In an earlier post I wrote about the significance that bluebirds have played in my life during the past several months.

As my word for 2019 is DELIBERATE, I decided to try to make bluebird sightings less happenstance by setting up a bluebird house in our yard. It sounds simple, and it is on most levels, but there are things to know when trying to create an amenable space for any wildlife. And in my symbolic method of interpreting things, I would say that some of the same principles could apply to the psyche.

The location of the bluebird box is important. Under a tree or any space where there are other birds (particularly sparrows) is a definite no. Bluebirds need a wide margin to establish their nests. Setting up several bluebird houses together is a good idea because it forms a kind of a barrier to the possibility of house sparrows commandeering the nest and harming the eggs or the babies. I learned too late that it is also beneficial to make a kind of scarecrow (see here) as an additional sparrow deterrent.

The nest takes a few weeks to create. And the eggs take a few weeks to incubate. and a few more weeks until the (very ugly at first) babies are ready to fly away. And then the nesting cup gets replaced to start the process all over again

With some hesitation and fear of oversimplifying and sentimentalizing, I can say that I have found by experience that there are some crossover guidelines for happiness in ourselves.
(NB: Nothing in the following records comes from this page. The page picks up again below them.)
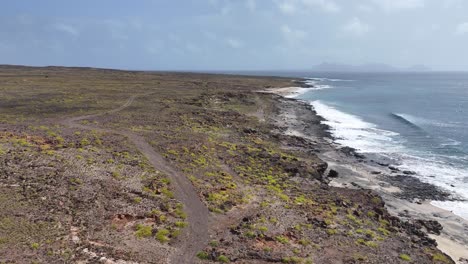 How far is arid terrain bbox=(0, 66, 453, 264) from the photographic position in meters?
21.2

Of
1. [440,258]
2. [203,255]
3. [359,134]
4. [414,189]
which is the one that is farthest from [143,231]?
[359,134]

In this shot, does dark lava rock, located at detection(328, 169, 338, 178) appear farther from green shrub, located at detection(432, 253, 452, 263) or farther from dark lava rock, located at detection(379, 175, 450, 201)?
green shrub, located at detection(432, 253, 452, 263)

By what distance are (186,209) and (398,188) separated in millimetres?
23704

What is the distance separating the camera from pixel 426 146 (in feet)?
192

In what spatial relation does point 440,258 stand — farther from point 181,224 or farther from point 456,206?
point 181,224

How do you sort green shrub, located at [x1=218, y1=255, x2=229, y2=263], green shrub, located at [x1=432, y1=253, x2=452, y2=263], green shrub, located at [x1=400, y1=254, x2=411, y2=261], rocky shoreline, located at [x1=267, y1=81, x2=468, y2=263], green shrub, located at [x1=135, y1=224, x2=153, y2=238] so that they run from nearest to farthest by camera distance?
green shrub, located at [x1=218, y1=255, x2=229, y2=263], green shrub, located at [x1=135, y1=224, x2=153, y2=238], green shrub, located at [x1=400, y1=254, x2=411, y2=261], green shrub, located at [x1=432, y1=253, x2=452, y2=263], rocky shoreline, located at [x1=267, y1=81, x2=468, y2=263]


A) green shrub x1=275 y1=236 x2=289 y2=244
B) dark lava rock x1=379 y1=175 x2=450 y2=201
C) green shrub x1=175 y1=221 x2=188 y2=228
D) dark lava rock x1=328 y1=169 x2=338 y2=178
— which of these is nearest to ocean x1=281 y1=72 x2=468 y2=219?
dark lava rock x1=379 y1=175 x2=450 y2=201

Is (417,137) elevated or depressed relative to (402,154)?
elevated

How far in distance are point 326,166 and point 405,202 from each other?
10058 mm

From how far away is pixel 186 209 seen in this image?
26844mm

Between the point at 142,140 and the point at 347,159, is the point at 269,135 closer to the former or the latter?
the point at 347,159

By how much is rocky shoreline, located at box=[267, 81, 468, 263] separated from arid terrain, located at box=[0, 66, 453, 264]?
1279mm

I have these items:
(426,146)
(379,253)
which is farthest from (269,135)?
(379,253)

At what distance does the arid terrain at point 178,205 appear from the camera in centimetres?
2122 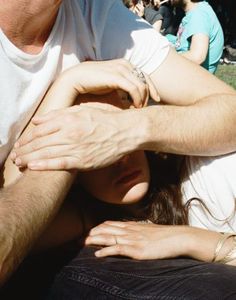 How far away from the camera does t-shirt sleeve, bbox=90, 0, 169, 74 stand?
1.99 metres

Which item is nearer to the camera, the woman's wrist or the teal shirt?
the woman's wrist

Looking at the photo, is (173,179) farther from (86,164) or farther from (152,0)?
(152,0)

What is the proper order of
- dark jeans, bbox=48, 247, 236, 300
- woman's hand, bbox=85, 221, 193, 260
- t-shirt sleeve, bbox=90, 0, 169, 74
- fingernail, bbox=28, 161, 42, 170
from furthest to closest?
t-shirt sleeve, bbox=90, 0, 169, 74, woman's hand, bbox=85, 221, 193, 260, fingernail, bbox=28, 161, 42, 170, dark jeans, bbox=48, 247, 236, 300

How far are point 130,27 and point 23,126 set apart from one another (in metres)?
0.56

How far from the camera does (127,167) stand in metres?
1.87

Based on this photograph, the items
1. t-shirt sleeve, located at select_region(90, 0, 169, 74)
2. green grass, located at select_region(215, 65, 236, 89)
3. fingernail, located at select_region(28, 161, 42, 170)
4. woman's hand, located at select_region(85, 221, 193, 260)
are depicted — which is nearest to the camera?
fingernail, located at select_region(28, 161, 42, 170)

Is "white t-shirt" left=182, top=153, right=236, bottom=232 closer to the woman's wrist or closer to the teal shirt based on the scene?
the woman's wrist

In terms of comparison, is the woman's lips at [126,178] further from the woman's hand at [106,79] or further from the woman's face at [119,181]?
the woman's hand at [106,79]

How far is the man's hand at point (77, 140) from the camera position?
1582 mm

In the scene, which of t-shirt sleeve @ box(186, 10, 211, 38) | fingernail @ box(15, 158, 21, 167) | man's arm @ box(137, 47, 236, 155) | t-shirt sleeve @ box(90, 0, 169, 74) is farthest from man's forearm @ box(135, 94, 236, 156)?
t-shirt sleeve @ box(186, 10, 211, 38)

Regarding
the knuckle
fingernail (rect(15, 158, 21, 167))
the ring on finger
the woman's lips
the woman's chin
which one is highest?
the ring on finger

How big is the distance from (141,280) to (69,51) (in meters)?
0.86

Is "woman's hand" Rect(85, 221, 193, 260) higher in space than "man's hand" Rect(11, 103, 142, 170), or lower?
lower

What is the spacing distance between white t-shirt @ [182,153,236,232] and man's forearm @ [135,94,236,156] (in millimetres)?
48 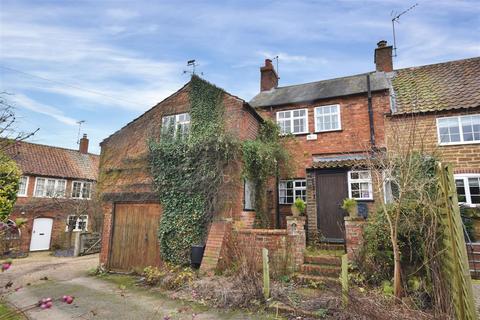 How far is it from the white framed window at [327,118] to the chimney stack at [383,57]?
459 cm

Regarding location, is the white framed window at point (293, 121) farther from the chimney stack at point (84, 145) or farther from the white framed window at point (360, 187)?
the chimney stack at point (84, 145)

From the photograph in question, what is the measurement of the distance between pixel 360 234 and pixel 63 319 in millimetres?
7577

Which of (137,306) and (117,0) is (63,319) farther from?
(117,0)

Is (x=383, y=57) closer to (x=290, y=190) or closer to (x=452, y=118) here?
(x=452, y=118)

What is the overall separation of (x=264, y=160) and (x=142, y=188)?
196 inches

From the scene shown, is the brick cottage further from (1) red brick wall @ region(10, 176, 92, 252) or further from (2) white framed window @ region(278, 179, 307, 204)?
(1) red brick wall @ region(10, 176, 92, 252)

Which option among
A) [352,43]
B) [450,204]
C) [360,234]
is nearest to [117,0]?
[352,43]

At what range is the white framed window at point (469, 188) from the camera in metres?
10.5

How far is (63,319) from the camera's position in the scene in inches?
240

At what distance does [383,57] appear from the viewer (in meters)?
15.2

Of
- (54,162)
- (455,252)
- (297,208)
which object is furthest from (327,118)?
(54,162)

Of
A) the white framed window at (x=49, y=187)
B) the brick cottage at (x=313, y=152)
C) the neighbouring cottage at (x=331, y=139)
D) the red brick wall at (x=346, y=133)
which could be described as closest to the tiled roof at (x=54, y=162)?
the white framed window at (x=49, y=187)

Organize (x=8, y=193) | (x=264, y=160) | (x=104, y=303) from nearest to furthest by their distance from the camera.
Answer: (x=104, y=303), (x=264, y=160), (x=8, y=193)

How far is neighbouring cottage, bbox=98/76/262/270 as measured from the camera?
32.1 ft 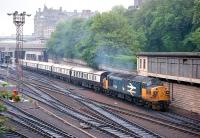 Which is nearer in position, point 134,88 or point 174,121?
point 174,121

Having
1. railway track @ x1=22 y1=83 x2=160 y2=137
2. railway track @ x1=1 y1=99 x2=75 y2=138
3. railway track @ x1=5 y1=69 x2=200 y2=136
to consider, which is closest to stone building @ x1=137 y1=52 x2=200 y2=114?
railway track @ x1=5 y1=69 x2=200 y2=136

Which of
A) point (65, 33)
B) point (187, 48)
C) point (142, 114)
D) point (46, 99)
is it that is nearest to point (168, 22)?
point (187, 48)

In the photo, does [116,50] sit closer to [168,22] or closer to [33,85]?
[168,22]

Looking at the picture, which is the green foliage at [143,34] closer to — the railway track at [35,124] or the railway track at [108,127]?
the railway track at [108,127]

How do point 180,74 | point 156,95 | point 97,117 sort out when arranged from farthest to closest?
point 180,74 < point 156,95 < point 97,117

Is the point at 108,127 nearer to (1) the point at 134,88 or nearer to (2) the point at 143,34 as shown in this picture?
(1) the point at 134,88

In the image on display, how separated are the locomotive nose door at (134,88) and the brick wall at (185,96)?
11.7 ft

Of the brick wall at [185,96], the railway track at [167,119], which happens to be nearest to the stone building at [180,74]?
the brick wall at [185,96]

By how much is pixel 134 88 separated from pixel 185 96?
4679 millimetres

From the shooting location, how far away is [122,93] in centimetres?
4297

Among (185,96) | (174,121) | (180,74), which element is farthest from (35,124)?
(180,74)

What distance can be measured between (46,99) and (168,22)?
22.4 m

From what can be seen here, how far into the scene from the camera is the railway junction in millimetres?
28609

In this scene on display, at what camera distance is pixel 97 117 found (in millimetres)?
34406
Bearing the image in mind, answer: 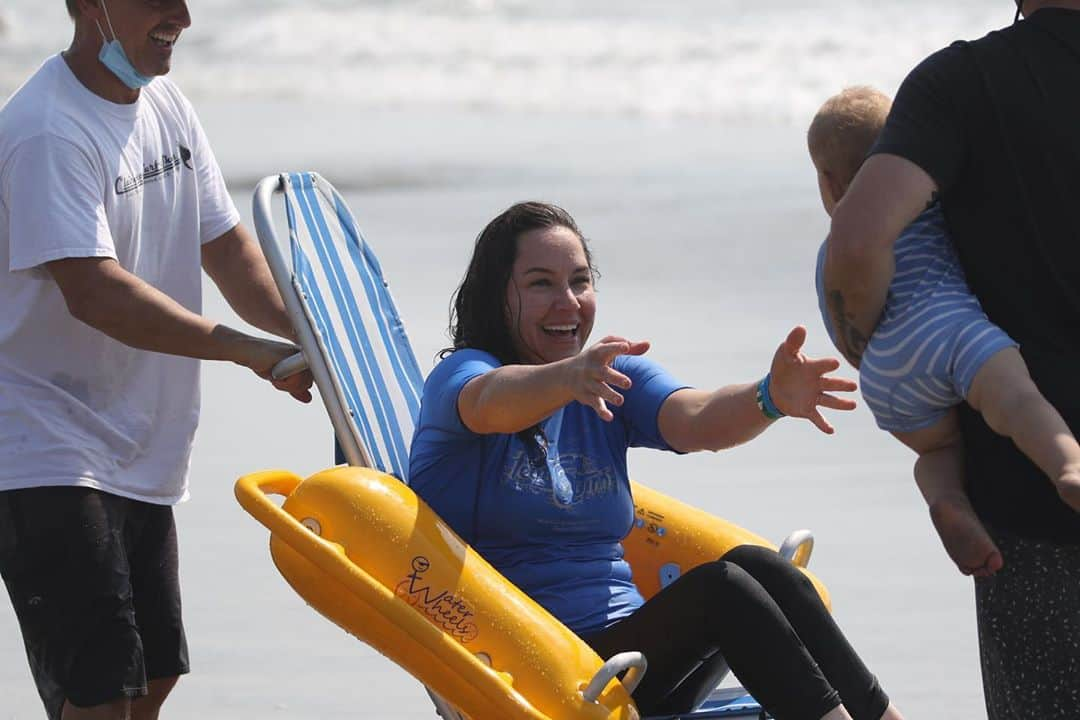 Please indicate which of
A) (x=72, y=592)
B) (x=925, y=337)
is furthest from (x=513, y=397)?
(x=72, y=592)

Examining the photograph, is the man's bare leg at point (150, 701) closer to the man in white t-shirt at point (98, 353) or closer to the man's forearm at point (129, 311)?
the man in white t-shirt at point (98, 353)

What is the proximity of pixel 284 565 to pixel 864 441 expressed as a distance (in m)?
4.15

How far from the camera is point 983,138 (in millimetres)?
2598

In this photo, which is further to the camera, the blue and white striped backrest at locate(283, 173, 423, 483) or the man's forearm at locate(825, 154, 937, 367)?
the blue and white striped backrest at locate(283, 173, 423, 483)

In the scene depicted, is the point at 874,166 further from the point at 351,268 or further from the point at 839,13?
the point at 839,13

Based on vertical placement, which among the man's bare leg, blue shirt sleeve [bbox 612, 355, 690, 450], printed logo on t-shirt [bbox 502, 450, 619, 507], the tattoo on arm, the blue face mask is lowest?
the man's bare leg

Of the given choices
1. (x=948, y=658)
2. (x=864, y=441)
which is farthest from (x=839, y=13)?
(x=948, y=658)

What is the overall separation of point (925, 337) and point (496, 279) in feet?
3.96

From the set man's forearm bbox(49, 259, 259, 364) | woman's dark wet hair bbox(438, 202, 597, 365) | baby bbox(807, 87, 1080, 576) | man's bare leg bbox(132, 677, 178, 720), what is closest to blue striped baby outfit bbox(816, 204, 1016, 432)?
baby bbox(807, 87, 1080, 576)

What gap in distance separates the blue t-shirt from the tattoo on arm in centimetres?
80

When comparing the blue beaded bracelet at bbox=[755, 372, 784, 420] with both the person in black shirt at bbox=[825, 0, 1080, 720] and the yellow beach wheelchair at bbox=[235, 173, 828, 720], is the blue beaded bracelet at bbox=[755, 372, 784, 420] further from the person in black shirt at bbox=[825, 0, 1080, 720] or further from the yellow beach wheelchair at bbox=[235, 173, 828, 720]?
the person in black shirt at bbox=[825, 0, 1080, 720]

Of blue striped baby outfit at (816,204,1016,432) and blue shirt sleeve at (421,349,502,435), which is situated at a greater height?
blue striped baby outfit at (816,204,1016,432)

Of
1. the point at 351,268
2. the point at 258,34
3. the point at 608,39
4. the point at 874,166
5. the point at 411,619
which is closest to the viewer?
the point at 874,166

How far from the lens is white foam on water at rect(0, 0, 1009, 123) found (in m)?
21.5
  • Allowing ourselves the needed elbow room for our own healing and happiness.
  • Knowing that even “good things” can take over our attempts for inner peace and our best life if we do not set boundaries.
  • Although we need to love all people, discernment is needed to know who to invite into the inner sanctum. Having a few like minded friends (even one) nearby can provide some protection from intruders.
  • Happiness takes time to establish and there are times to just leave it alone and let it grow organically.
  • Happiness may not look like what we think it should at first.
  • If we want more happiness, we need to keep making deliberate room for it and intentionally invite it in.

Tomorrow I will be replacing the nesting cup and starting on another intentional joy invitation: something I am calling “the Emily project” for now. On the anniversary of her death, May 15, I am gifting myself the next 12 months to immerse myself a bit more in Emily world. Poetry, biographies, nature, and many to be determined pieces will frame the year. Walking the tricky middle road of protecting my time and keeping a sense of adventure will be a challenge for me I know, but I feel ready.

Wishing you spaciousness for your own overtures to joy.